And for a purely hypothetical practical example, let's say that you wanted
to design a FM Broadcast transmitter kit which covered from 88 to 108
MHz.......... :-)

You first design a nice stable Voltage Controlled Oscillator which covers
the required band and is tuned via DC onto a vari-cap diode.

You decide on 100 kHz channel spacing, so you arrange to divide a convenient
crystal down to generate a 100Khz reference (say divide a 4Mhz Xtal by 40).

Next the VCO is divided down to 100Khz through a Programmable Divider chip
(to Transmit on 88 MHz you divide by 880 and on up to 1080 to get 108 MHz).

The two signals are then compared in a phase/frequency comparator, which
generates an error voltage which steers the VCO onto exactly the right
frequency (and phase).

The only tricky bit is getting the time constants of the control loop
correct. The maths of this can get nasty. It is basically a PID, with just
the right amount of leading and lagging phase to overcome the mechanical and
thermal instabilities in the VCO.
Most people cheat and tweak the values empirically.
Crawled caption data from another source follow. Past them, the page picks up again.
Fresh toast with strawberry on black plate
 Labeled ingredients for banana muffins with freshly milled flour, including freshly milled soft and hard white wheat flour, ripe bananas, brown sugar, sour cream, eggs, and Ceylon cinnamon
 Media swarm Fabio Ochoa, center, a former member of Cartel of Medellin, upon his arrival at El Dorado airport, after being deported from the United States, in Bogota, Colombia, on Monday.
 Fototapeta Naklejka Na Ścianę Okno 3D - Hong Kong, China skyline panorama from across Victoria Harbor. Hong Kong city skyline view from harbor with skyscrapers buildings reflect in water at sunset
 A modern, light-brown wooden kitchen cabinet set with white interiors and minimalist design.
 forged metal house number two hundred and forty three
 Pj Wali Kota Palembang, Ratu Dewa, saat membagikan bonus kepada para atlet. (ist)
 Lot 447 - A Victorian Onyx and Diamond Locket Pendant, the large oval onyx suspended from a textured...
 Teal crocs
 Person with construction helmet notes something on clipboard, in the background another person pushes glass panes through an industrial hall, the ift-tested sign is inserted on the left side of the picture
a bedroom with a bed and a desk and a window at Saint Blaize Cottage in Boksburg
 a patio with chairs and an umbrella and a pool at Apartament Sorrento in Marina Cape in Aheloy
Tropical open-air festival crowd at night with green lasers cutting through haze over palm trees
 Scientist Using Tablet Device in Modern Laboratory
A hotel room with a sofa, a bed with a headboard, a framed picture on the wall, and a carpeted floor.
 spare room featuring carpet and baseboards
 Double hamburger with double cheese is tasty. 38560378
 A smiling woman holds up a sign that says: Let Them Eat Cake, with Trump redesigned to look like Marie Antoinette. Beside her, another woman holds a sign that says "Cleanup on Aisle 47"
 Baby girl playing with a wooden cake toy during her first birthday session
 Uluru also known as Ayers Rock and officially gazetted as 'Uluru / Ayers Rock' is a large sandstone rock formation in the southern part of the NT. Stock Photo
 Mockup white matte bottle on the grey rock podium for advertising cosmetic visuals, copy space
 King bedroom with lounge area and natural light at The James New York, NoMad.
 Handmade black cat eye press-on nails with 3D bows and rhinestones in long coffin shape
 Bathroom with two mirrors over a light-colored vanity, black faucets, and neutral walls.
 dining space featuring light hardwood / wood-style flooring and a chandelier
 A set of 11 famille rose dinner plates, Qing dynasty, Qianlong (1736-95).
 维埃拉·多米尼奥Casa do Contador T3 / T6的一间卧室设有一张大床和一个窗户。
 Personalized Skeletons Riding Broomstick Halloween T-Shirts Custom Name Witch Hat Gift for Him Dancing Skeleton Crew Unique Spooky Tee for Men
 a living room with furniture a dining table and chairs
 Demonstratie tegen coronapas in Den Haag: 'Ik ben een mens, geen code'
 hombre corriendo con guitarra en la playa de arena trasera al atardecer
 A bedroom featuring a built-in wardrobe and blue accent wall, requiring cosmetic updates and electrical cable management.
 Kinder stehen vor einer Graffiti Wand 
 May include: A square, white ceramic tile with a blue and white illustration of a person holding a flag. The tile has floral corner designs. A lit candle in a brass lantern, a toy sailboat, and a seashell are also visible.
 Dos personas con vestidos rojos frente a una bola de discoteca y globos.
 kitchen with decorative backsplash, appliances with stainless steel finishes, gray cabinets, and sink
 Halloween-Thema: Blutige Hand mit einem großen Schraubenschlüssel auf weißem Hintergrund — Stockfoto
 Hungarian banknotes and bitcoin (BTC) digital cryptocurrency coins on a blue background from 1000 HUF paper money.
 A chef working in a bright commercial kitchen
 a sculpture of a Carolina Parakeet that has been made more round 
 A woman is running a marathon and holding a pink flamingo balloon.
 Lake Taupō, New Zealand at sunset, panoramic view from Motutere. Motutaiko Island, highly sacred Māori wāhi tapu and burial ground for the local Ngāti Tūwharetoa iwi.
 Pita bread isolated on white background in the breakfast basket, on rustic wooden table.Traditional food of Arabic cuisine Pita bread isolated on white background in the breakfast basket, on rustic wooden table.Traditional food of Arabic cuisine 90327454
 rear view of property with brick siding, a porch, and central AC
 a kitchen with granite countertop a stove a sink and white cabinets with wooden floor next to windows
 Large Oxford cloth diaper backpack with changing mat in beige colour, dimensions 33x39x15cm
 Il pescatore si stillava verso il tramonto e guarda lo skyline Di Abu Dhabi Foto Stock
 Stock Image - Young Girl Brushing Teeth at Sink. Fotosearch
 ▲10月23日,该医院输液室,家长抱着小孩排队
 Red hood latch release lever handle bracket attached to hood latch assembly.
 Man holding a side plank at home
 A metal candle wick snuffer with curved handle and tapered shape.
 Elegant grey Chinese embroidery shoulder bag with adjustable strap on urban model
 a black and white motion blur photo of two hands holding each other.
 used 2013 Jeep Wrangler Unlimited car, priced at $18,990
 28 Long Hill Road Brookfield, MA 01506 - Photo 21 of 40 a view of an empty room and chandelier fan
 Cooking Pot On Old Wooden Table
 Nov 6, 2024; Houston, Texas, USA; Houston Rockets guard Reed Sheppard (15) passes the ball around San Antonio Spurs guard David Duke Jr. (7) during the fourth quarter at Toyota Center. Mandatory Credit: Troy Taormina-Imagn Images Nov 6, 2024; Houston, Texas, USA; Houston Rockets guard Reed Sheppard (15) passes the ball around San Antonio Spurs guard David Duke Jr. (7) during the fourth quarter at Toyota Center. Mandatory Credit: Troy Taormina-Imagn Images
Oh yes, and to Frequency Modulate this beast you could feed a little audio
into the control line to waggle the VCO frequency.

These days all the divider chains and comparator etc are available in a
single tiny SM chip which you control over serial lines via a PIC. The PIC
Xtal probably also generates the original 4 Mhz reference. The PIC picks up
the channel number from a dip switch or rotary encoder, etc.

See I just knew that we would get back on topic eventually!!!!!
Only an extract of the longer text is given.